Some of these things are good. Some aren't. Some work at times, some completely flop at others. Sometimes people will tell me I have no emotions or sympathy, and sometimes they'll say I am being irrational. Of course, I am human, and (un)fortunately, not perfect. I can't and will not offer a pan-human solution to how to deal with emotions, I'll just tell you what works for me. And it's easy. Or rather, it becomes easy after a while.

Here's what I do when I feel something intensely and I don't want to (this is especially useful with negative or unpleasant emotions). I set aside a few minutes for myself, sometimes only five minutes, and sometimes 20 minutes or half an hour. I let myself feel whatever I am feeling. This focus helps with validating my own experience and not relying on something external. I am feeling this emotion and it has engulfed me. This is my reality. It's not pleasant, it's not happy, and it's not something I want to carry around with me.

From here, I'll see what I want to do. Usually for me, I do one of three things.
 1) I just sit down and talk out loud through my feelings and listen to myself. How am I reacting, how am I feeling, what do I want to do? Sometimes I bash myself, sometimes I repeat the same thing over and over again. The important thing is to let it leave me.
2) I take out my venting journal (yes I have such a journal), and I just write. It's messy usually, it looks terrible and sometimes infinite. Sometimes it feels like I have written a volume. It feels like my rage or frustration can't fit into a few pages. And sometimes that's true. Sometimes it doesn't fit. And the great thing is that it doesn't have to. I don't have to spend only one page. I don't have to care about punctuation. I don't have to care about anyone's feedback. This is for me only, and I write. Sometimes I write over a page I already filled out. Sometimes I write in highlighter and sometimes in sharpie. Sometimes the ink smudges and sometimes it bleeds through. It's messy, as I said. But it's liberating. It's for me only. And it is how I feel.
3) I take out my art notebook and make art. Try contours and patterns and spirals. Doodles and calligraphy. It's a pure way to channel what I am feeling. And it's nice because I am not graded on it. I am not showing it to anyone. I am not making it for any other purpose than to purge myself of what I am feeling. That's what it boils down to. I have these emotions in me, I acknowledge them, and now I want them out. So this is what I do.

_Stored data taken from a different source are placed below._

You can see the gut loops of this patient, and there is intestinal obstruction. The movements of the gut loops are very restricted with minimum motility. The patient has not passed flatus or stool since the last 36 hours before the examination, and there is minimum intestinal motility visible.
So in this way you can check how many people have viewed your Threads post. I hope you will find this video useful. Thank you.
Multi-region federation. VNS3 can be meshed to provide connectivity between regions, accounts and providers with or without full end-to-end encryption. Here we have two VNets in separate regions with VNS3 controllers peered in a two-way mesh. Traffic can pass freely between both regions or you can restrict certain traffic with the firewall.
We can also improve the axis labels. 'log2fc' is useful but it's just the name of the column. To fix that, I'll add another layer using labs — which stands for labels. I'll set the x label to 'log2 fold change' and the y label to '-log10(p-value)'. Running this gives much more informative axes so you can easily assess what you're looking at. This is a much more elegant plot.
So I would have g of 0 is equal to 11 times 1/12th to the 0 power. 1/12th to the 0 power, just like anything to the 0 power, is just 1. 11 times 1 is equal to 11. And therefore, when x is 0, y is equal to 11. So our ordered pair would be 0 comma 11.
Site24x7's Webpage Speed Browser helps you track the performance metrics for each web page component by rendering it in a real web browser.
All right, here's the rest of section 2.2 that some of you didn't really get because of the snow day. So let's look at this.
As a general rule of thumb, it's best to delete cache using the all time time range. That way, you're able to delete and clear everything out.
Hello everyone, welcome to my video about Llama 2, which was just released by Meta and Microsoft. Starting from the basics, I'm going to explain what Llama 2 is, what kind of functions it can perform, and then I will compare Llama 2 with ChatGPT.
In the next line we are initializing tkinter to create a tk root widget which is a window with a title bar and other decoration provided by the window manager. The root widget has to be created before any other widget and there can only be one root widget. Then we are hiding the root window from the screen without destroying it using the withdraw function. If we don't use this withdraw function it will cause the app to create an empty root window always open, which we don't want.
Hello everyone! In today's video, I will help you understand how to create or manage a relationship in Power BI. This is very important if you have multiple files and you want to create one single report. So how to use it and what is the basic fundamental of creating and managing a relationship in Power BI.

And it's all uncensored. Unapologetic. I don't stop myself. I don't filter myself. I don't filter my words. I don't filter my art. I have some pages filled with swear words and some pages filled with stars. And the great thing is – when I go back, it's real. It's proof. It's testimony to what I felt and what I moved on from. I can see myself and I can see my feelings on the page. And sometimes they are embarrassing. Sometimes they are pages filled with boy problems. Sometimes they are spiritual dilemmas. Sometimes they are confessions about friends and friendships. Sometimes they are upsetting and sometimes they are a wake up call. But they are there and they are always a good way to calibrate.

I can look at a page or read a passage from what I have written maybe a year ago and I am reminded of how I could move on. I felt this, I see, and now I don't. I can move on. And I am okay with it. I am not held up. I am not stuck on this. I lived through it, I am a different person because of it, and I have carried on with my life. I can carry on with my life. And essentially, that's what matters.